A pair of freshmen led the Utes. Jason Washburn led all scores with 20 points on 8-of-9 shooting. Washburn also added 7 rebounds, 5 on the offensive glass. True freshman Marshall Henderson chipped in 18, but shot poorly in the second half hitting just 1-of-7 from the field, 0-for-4 from three. Carlon Brown added 12 points and 4 rebounds but had a tough overall night, making just 4-of-13 shots and turned the ball over 6 times. Idaho guard Steffan Johnson led the Vandals with 19 points while sharp-shooter Jeff Ledbetter poured in 16 off the bench.
"I walked in the locker room and said my piece," Brown said. "I told them I'm going to take that loss on myself because I played poorly and [they] deserve better from me." Brown was plagued by foul problems all night long and finished with four fouls in 24 minutes. "It was tough. There was nothing I could do; I couldn't play up on defense, I couldn't drive, I had to be cautious of driving and it affected me greatly."

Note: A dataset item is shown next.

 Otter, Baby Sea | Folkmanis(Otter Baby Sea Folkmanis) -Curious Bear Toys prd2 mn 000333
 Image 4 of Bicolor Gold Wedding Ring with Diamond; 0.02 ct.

After falling behind by as many as 10 points in the first half the Utes kept battling and actually took a 66-65 lead with 11 minutes left in the game after a Kim Tillie three point shot. Utah could not ride that momentum and Idaho seemingly had an answer for every Utah run. Luka Drca missed a jump shot that would have put the Utes up by three, and a foul on the other end by David Foster gave Idaho the chance to reclaim the lead. Marvin Jefferson hit both free throws to start a 10-0 run that effectively put the Utes away. Though Utah did tie the game up at 81 with five and a half minutes to go, they used so much energy in the furious come back that their shots from that point on were flat and short.

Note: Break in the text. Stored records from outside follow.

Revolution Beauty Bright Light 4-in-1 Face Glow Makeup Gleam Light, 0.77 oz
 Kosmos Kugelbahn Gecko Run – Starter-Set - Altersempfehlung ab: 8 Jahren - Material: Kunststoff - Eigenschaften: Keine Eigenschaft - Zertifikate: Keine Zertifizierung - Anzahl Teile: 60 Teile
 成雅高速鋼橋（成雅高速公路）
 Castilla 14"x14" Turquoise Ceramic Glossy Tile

Despite having a significant size advantage in the paint, the Utes were out-rebounded 40-34, 21-12 in the first half alone. Idaho consistently beat the Utes to the offensive glass, grabbing 13 offensive boards (eight in the first half) leading to 12 second chance points. It was a team effort on the glass for Idaho, as no player had more than 6 rebounds.
While both teams put up very similar numbers from the field, the game was decided at the charity stripe. Idaho used their quickness to get in the lane, and in a tightly officiated game that saw 48 fouls called the Vandals took advantage by shooting 33 free throws to the Utes 21. Idaho actually made more than the Utes attempted hitting 22 of their free throws.
"I thought we battled," Utah head coach Jim Boylen said after the game. "I don't like up 94 points in our building. I don't like losing the board game and the free throw game and in saying that I thought we battled, we battled back, we hung in there. I thought our shot selection at times hurt us, I thought we tried to do it by ourselves at times, which young teams do. You have got to give Idaho credit, I thought they played well."
"It was a combination of everything," Brown said. "Missed free throws, unnecessary technical fouls, no rebounding, no cutting, basically fundamental basketball stuff that we go over every day."
Utah doesn't have time to dwell on the loss, as they will practice immediately in preparation for a game Wednesday night against in-state rival Utah State. The Utes have plenty of room for improvement, but Boylen felt he could narrow down the issues to one main point, trust.
"Trusting each other at both ends," Boylen said. "That's what we did last year, that's what we need to work on this year. Trust. Each. Other. We've got to trust each other. We all tried to do it by ourselves I thought at both ends and we can't do that. We're going to learn how to trust and we're going to grow."